ASSIGNMENT: Once you find the line with "full bath with" in the listing below, set down exactly every line from it through the line with "DISTANCIA SOCIAL. Las", but no pictures.

INFORMATION PROVIDED:
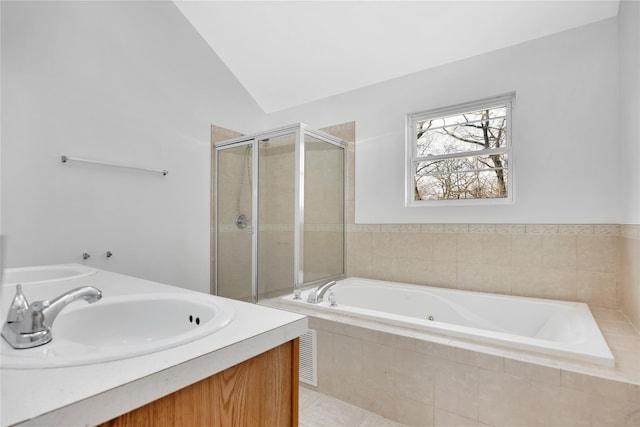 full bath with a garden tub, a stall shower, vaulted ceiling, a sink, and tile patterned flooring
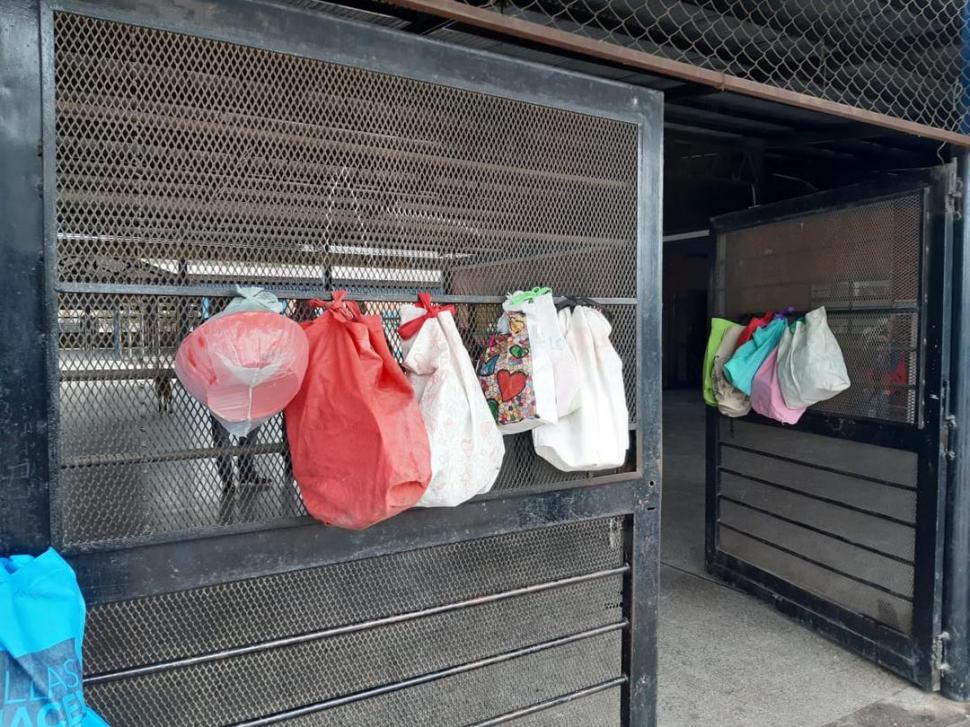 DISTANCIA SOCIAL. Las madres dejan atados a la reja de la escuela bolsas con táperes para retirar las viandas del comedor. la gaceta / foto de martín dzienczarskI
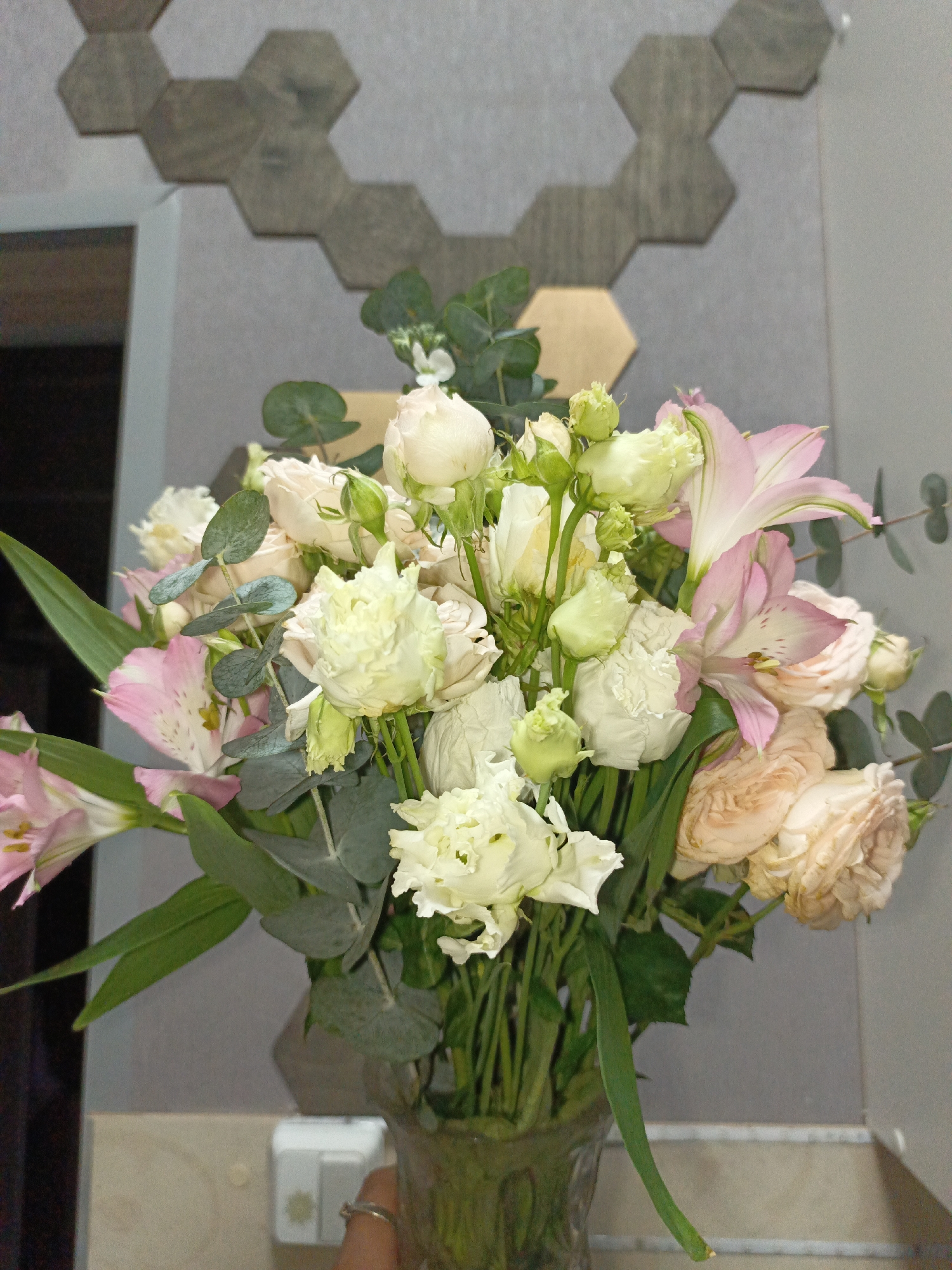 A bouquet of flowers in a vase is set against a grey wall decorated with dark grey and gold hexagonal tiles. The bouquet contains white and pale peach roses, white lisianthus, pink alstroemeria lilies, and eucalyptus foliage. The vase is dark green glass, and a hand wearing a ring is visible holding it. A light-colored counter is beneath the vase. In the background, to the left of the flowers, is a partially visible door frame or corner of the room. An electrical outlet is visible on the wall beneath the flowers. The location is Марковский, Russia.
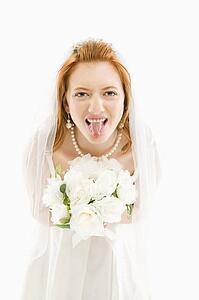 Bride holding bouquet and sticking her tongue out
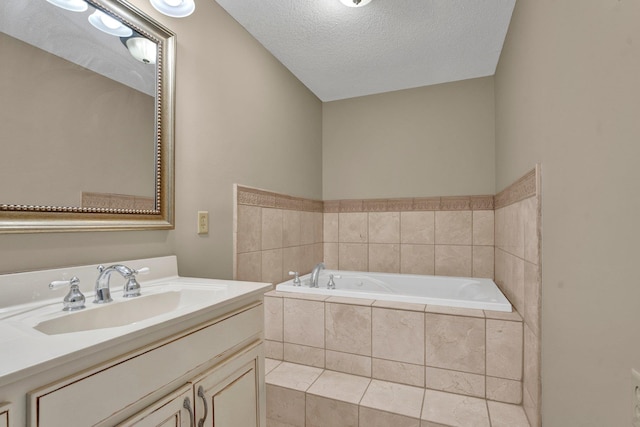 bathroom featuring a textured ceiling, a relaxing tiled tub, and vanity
--
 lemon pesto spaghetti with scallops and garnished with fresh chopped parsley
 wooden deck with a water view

RESPONSE TO THIS EXERCISE:
 full bath with a garden tub, a stall shower, vaulted ceiling, a sink, and tile patterned flooring
 DISTANCIA SOCIAL. Las madres dejan atados a la reja de la escuela bolsas con táperes para retirar las viandas del comedor. la gaceta / foto de martín dzienczarskI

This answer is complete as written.